I spent year upon head-clanging year “pulling” my golf swing with the leading arm, and am just now getting comfortable with a purely trailing arm swing action.
I mentioned in my last post that I have set my swing aid to a difficulty setting that simply will not snap unless I’m swinging with a pure trailing arm motion.
The reason for this is that I realized a little while back that, despite the transition from a left-dominant to right-dominant swing action, I was still employing too much “pull” in the down swing and was likely unconsciously setting up to do so.
I actually captured the desired action years ago while in California shooting the “MCS – Ultimate Leverage” video in early 2015 – nine years ago now and can you believe it’s going on 14 years since my first video project?
What happened was, I was holding a club in my left hand while shooting the intro to the video and was forced to pantomime a stable-headed Classic Golf Swing action with just the right arm:
In fact, I know that the above gif. will look suspiciously familiar to some WAX netizens, which would be due to my having employed the above action as a swing model gif. in the years since:
Now, I know fully well that one swings a golf club with two hands holding the club and therefore with both arms – the key is that the leading arm should only be aiding the trailing arm in leveraging the club down and through.
If you feel yourself pulling the club down from the top of the back swing, then you are swinging leading arm dominant.

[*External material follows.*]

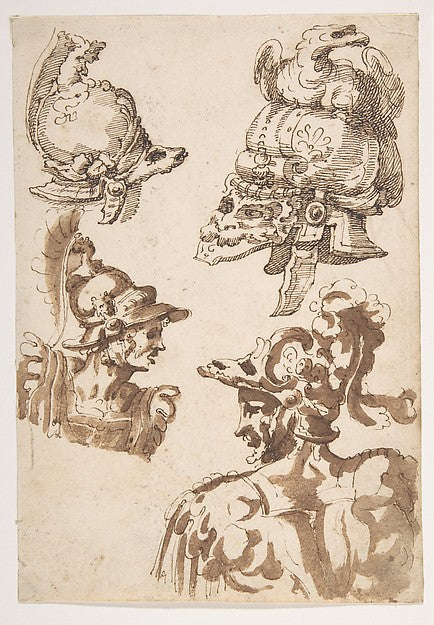 Studies of Two Helmets and of Two Soldiers Wearing Helmets 155,  Poster Print Wall Art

A trailing arm dominant swing should feel exactly as though you’re swinging the club with the trailing arm only, as demonstrated in the above gif.

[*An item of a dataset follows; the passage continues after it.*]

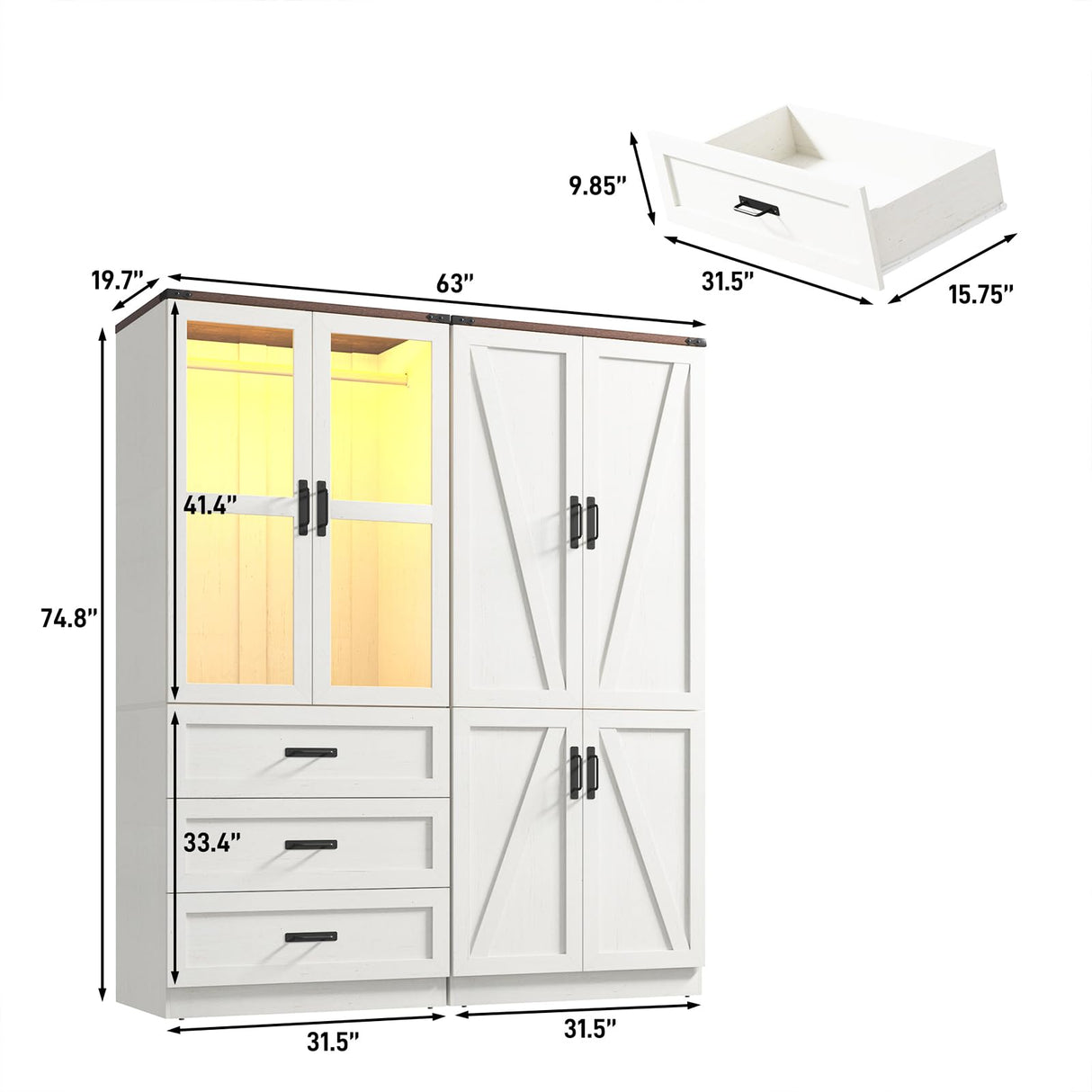 75" Tall Farmhouse 4 Doors Armoire Wardrobe Closet with 3 Drawers and LED,Freestanding Closet Wardrobe Cabinet for Bedroom with Hanging Rod,Wooden Armoire Storage Cabinet Adjustable(Rustic Off White) Hlivelood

And that means having the proper stance, ball position and grip to perform this action (Fundamentals Trifecta, anyone?), and this is all I’ve been doing the past couple of weeks.
When performed properly, you will get a trailing arm action that absolutely whips the club down and through the swing bottom with in this manner:
Now, the counter-intuitive part of all of this – the real source of power is not the isolated trailing arm action itself, but the hip and leg action.
Jack Nicklaus’ prodigious length came not from his trailing arm action, it was his hip and leg action.
Even in his youth, you can see a very strong hip and leg action on the pivot, and look at how his club just blazes down and through the swing bottom with his “leading foot stomp” action, a phrase I coined back around 2010 in my Mike Austin/Dunaway study days:
The only swing “flaw” in this entire action is the Reverse-C finish, which would have been fixed very simply with a step-around finish.
You’ll notice as well the absence of any lateral movement in young Jack’s swing – it is a pure “up” then “down” action.
A glorious action no longer seen in professional golf, sadly.





I love this post, buddy! I’m not very bright, so some of the things you discuss go right over my head. But this makes perfect sense. Many thanks, and looking forward to your next video series (and hopefully a best-seller instruction book)!
JJ
Hi JJ! Apologies, your comment got caught up in the spam filter for some reason & I just found it.
Thanks for the kind words, I’m also excited about the upcoming video/ book project! 😊
DJ, great article. I have never heard about your Ultimate Leverage video. I have your E=MCS videos and would be interested in purchasing the UL video if it is still available.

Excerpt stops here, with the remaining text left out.